Imperial Tobacco NZ full-year profit jumps 50%

WELLINGTON: Imperial Tobacco New Zealand, the local unit of the UK’s Imperial Brands Plc, posted a 50 percent jump in full-year profit by increasing Australian and domestic sales while keeping a lid on controllable costs.

The maker of cigarette and tobacco brands including Horizon, JPS, Peter Stuyvesant, West and Drum reported profit of $30.7 million in the year ended Sept. 30, from $20 million a year earlier.

Sales rose to $553 million from about $476 million, with the government reaping the largest share by way of excise duty, which rose 17 percent to $376 million. Its tax bill rose 46 percent to about $12 million. Imperial is the nation’s biggest cigarette maker since taking over the British American Tobacco site in Petone in 1999 and spending almost $50 million on a factory upgrade that allowed it to ramp up production to supply the Australian market.

“We can make more using the same cost structure,” said marketing manager Brendan Walker. “We keep a keen eye on costs. We’ve increased volumes and market share in both the New Zealand domestic market and export markets.”

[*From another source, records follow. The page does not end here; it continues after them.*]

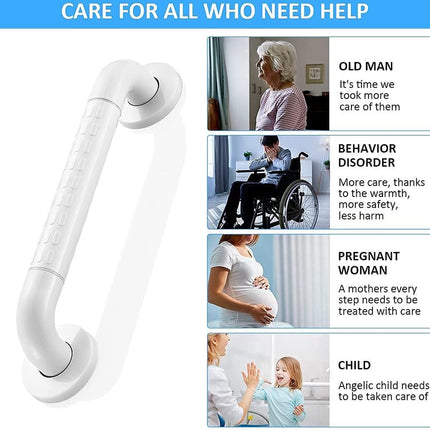 Wall Grab Bar - Extra Grip - 40cm - Luminous Circle - Handle/Wall Grab Bar for Bathroom/Shower/Toilet - Toilet Grab Bar/Bath Grab Bar/Shower Grab Bar - Non-Slip Grab Bar - Bathroom Handle - Anti-Slip Texture - Bathroom - Stairs - Mounting Hardware Include.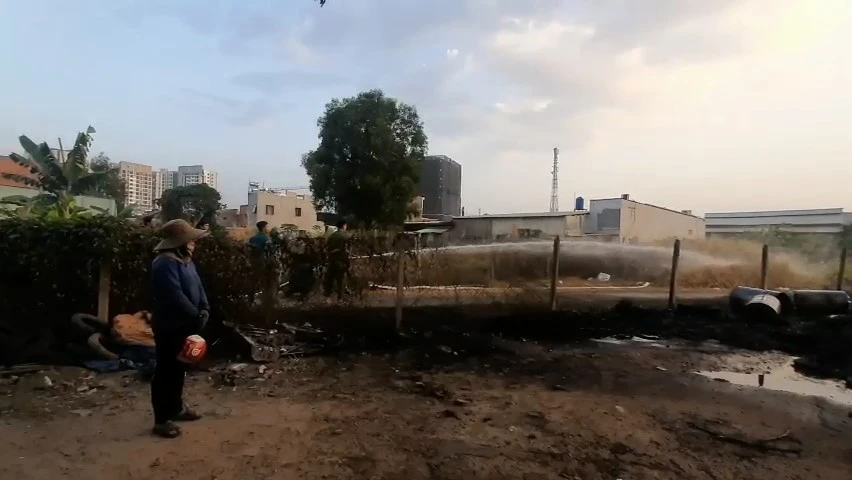 cháy bãi lốp xe phường thạnh xuân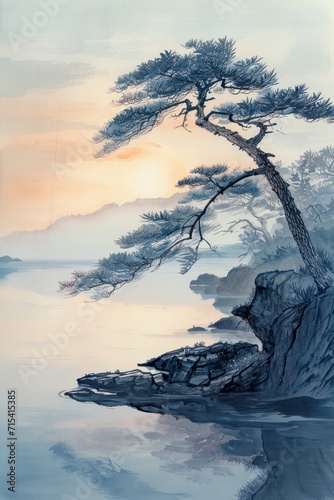Peaceful Japanese traditional riverbank painting at dawn, ideal for wall art and printing design
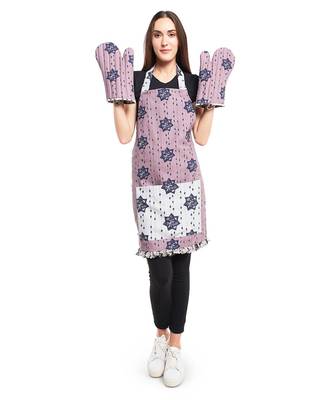 Payal Singhal Purple and Grey Colour Printed Canvas Apron with Pouch 2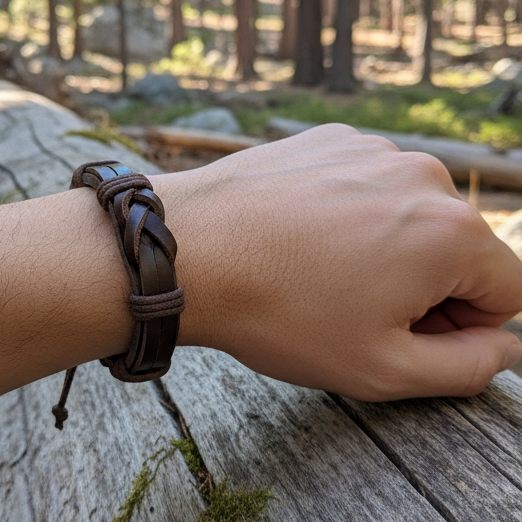 Brown Braided Leather Bracelet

Employee costs were little changed in the latest year at $24.6 million, while raw materials and consumables costs rose about 13 percent to $63 million. Other expenses, which weren’t defined, fell 4.8 percent to $38 million. Notes to the accounts show expenses included about $8.2 million for “display payments and trade incentives”, little changed from a year earlier, and related party fees of $14.7 million, up from $14.5 million.

The local company remits all surplus cash to its parent, which it also relies on for funding, at an arms-length interest rate of 5.61 percent, the accounts show. Loans from related parties stood at $42.8 million at Sept. 30, down from $60.4 million a year earlier.

Walker declined to comment on the potential of plain packaging being introduced in New Zealand. Like other tobacco companies, Imperial has battled the introduction of plain packs in Australia, which Walker called “the Australian experiment” which “from the figures and numbers and evidence I have seen have not been reaching the goals the government has set”.

Instead, Walker says, plain packaging and increases in excise have fuelled the sale of black market tobacco in Australia that has resulted in a loss of government revenue of A$1.4 billion a year. Illegal tobacco accounts for about 15 percent of the Australian market and about 4 percent of New Zealand’s and includes “chop chop loose-leaf tobacco sold in plastic bags, counterfeit and branded products, he said, citing figures collated by anti-smoking groups.